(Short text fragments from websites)

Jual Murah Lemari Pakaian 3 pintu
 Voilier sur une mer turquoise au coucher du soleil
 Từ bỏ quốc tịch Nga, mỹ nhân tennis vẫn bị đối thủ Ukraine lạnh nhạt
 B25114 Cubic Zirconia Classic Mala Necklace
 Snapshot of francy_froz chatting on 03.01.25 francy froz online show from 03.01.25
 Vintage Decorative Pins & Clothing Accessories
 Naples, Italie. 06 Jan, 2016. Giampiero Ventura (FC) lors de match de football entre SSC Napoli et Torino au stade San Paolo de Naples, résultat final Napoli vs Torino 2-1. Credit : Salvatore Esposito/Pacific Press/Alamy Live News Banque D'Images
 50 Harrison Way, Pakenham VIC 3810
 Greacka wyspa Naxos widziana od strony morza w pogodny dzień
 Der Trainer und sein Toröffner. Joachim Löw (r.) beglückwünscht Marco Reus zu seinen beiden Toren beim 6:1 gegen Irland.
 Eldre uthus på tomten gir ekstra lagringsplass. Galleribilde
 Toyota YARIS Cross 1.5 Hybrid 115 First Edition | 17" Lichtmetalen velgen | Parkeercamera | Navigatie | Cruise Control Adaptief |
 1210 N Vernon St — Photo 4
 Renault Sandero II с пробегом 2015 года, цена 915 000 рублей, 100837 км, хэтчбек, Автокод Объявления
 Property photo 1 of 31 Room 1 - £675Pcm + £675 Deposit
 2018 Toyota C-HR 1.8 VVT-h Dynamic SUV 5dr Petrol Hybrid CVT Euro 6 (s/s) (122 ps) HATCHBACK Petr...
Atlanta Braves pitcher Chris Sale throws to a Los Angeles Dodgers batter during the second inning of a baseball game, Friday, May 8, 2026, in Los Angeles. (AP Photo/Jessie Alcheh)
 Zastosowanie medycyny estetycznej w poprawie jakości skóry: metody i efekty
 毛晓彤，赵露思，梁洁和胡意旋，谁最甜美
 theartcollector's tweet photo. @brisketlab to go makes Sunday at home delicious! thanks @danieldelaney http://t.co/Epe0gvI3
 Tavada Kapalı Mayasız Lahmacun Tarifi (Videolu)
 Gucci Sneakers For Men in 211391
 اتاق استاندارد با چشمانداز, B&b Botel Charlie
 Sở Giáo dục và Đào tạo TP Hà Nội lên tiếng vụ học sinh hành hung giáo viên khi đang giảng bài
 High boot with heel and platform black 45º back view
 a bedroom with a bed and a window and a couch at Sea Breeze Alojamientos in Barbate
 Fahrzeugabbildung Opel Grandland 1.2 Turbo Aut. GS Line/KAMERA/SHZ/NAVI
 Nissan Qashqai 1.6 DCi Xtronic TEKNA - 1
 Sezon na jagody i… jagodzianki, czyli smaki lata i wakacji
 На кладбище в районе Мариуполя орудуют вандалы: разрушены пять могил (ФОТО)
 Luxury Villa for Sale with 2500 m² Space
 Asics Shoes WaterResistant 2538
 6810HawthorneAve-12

> [TASK STATEMENT]:
Set down the lines of the records exactly, from the first one through the line containing "Vintage Decorative Pins", and add nothing else.

> [COMPLETED EXERCISE]:
Jual Murah Lemari Pakaian 3 pintu
 Voilier sur une mer turquoise au coucher du soleil
 Từ bỏ quốc tịch Nga, mỹ nhân tennis vẫn bị đối thủ Ukraine lạnh nhạt
 B25114 Cubic Zirconia Classic Mala Necklace
 Snapshot of francy_froz chatting on 03.01.25 francy froz online show from 03.01.25
 Vintage Decorative Pins & Clothing Accessories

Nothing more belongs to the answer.